The press conference of the PRC Ministry of Foreign Affairs (MOFA) following the South China Sea arbitration award was surely one of the lowest of many low points in China’s response to the arbitration Tribunal. Here is what’s reported, Foreign Ministry Spokesperson Lu Kang's Regular Press Conference on July 13, 2016:
“Q: Vice Foreign Minister Liu Zhenmin told the press this morning that the then Philippine government gave bribes to judges of the Arbitral Tribunal, but did not go into details. Does the Chinese side believe that the bribes from the Philippines would make the judges rule in favor of them?
A: As we said before, the establishment of the Arbitral Tribunal has no legitimacy. It is illegal, and what it has done over the past couple of years was questionable. What Vice Foreign Minister Liu Zhenmin said this morning was that the Arbitral Tribunal was not an international tribunal and had nothing to do with the UN-affiliated International Court of Justice (ICJ) in the Hague. Judges of the ICJ and the International Tribunal for the Law of the Sea are paid by the UN to ensure their independence and impartiality.
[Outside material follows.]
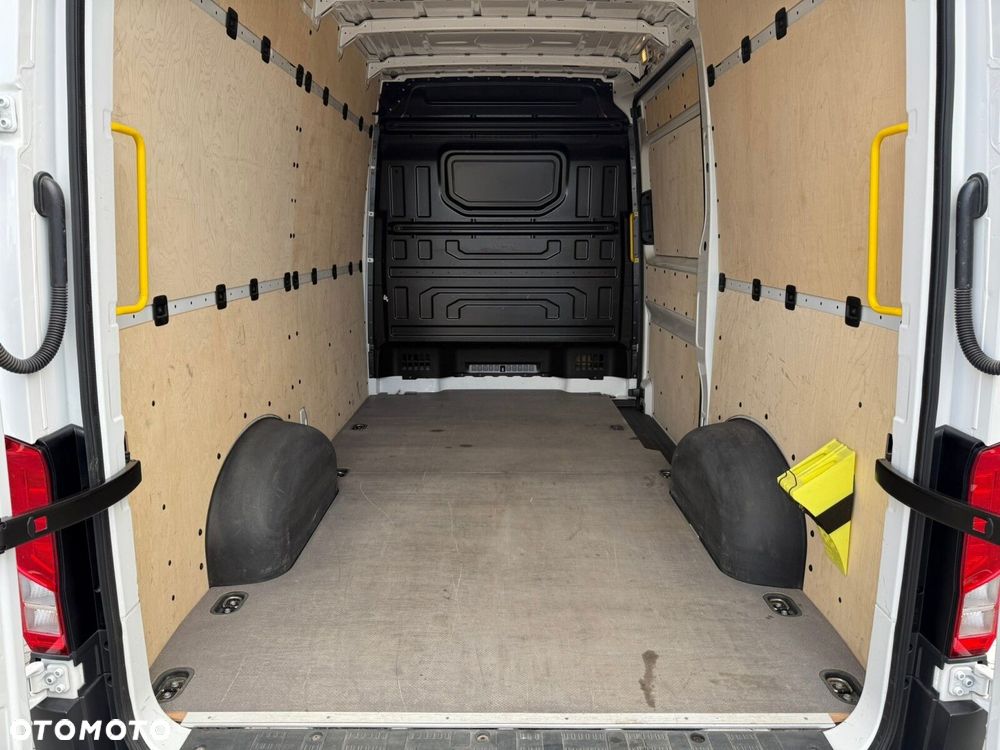 Volkswagen Crafter 35 2.0 BiTDI 177KM - 24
As for the five judges in this case, they made money, they were paid by the Philippines. I figure it necessary to make that clear.”
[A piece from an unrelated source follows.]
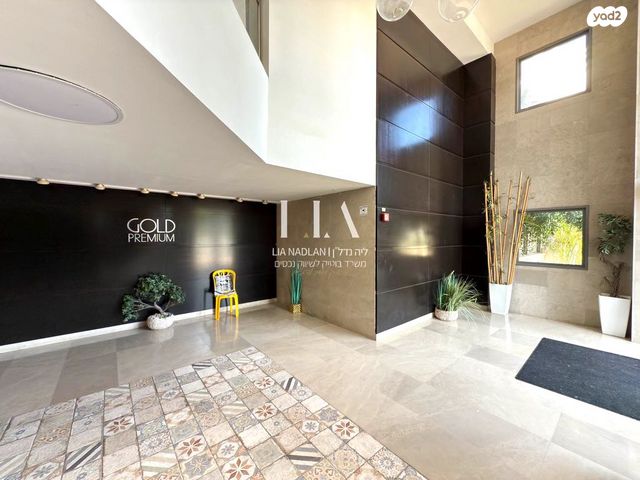 גג/ פנטהאוז, הדוגית, נאות רבין, יבנה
Of course, what constitutes libel or slander in one jurisdiction may not qualify in another (especially in China, where the source of the judges’ compensation guarantees their lack of independence!!). This MOFA reaction is based on so many distortions of the truth that the mind boggles but its implication certainly amounts to defamation in my eyes.
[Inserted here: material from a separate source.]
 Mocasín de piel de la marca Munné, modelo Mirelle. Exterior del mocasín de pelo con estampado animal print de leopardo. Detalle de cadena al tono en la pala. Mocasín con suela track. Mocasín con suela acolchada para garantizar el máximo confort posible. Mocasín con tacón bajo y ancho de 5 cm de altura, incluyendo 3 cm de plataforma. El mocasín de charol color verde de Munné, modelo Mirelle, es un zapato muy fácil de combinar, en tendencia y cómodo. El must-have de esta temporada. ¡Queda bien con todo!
It would be good if the arbitrators, and even the Permanent Court of Arbitration that facilitated administration of the case, would file law suits against the PRC and its spokespersons in China and in some democratic countries where the defamation had effect, preferably including at least one Anglo-American country and one Continental European country in order to perfect this imaginative research experiment in comparative law!